I’m the Chief Credit Officer for BECU, an $18 billion credit union based in Seattle, WA. I’ve been involved in credit risk analytics for my entire career on both the banking and information services, having led various credit risk analytic and modelling functions for firms such as Washington Mutual, Equifax, and Experian. In my current role, I responsibility for BECU’s credit risk analytics, automated underwriting systems, and credit policy/governance/administration activities.
You will be joining BMO Financial Group and Barclays on a panel discussion titled “CECL and the impact on your portfolio: Impact analysis on products and portfolios under CECL” – what do you believe will be the key talking points amongst the panellists and why?
Not surprisingly, I believe the key talking points among the panellists will focus on the CECL’s impact on longer-duration assets, their profitability, and potential market shifts to account for them.
What impact will CECL have on enterprise and business management?
I think one of the more underappreciated aspects of the impact CECL will have- particularly on small and midsize FIs- is going to be the required investments that are going to need to be made in control environment enhancements supporting the change. Particularly in the area of modelling controls.
You will also be joining a panel discussion titled “Implementation execution: Progress towards final implementation once framework decisioning is finalized” – What key points will you be bringing to the discussion?
The key points of discussion I plan on making are around the elements surrounding the modelling elements of CECL compliance and that organizations shouldn’t underestimate these. Things like governance, data, and controls should be given equal importance to quantitative methodology.

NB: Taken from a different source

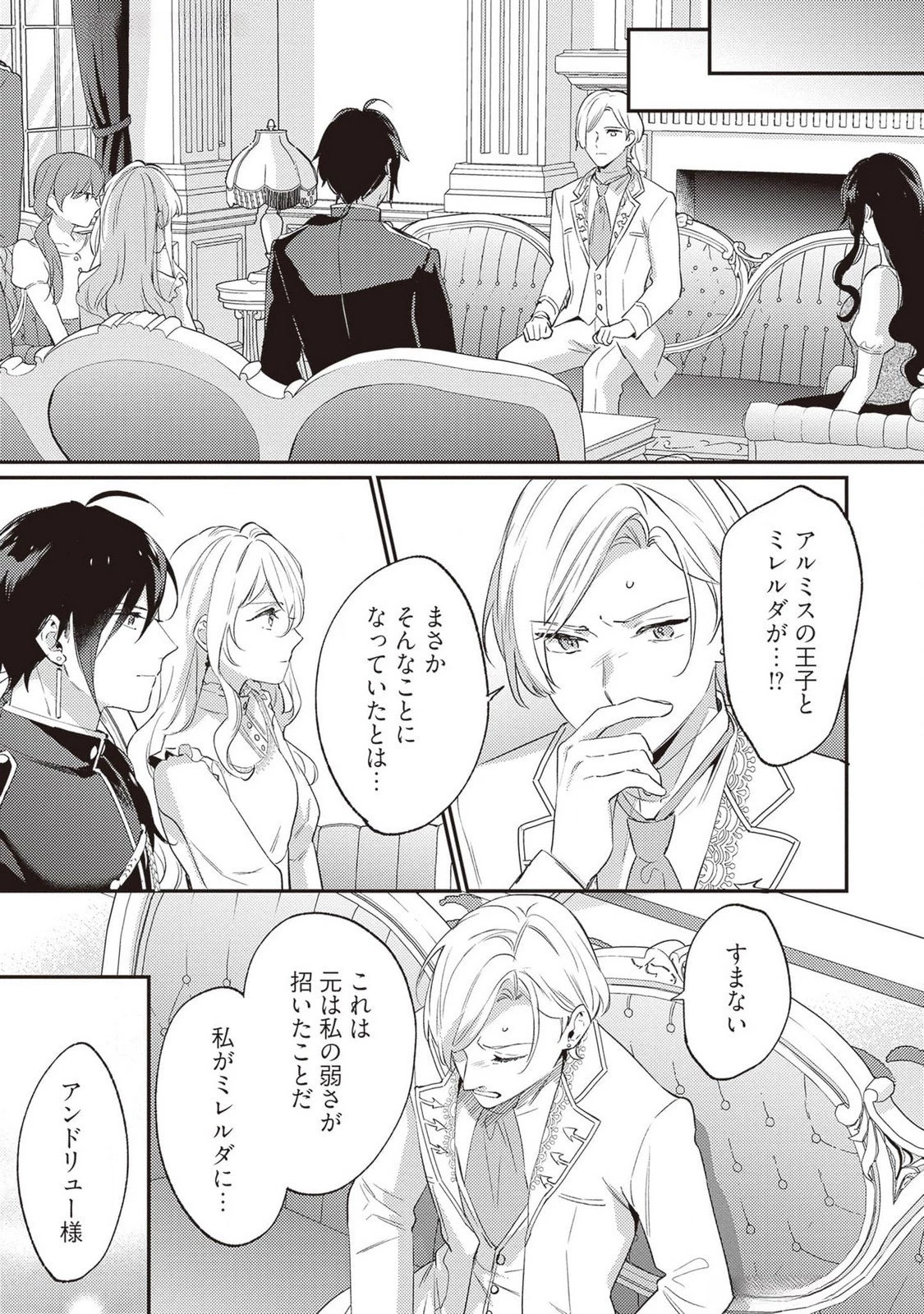 婚約破棄の悪意は娼館からお返しします 第25話 - 3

How will small FIs have to approach final implementation differently to larger FIs?
Speaking from my own organization’s experience (with ours being a small FI), the most important question we asked ourselves was determining what our objective was in CECL adoption. This is because there seems to be a lot of difference between a reasonable adoption standard and being best-in-class, and we expect the operational differences could be fairly large.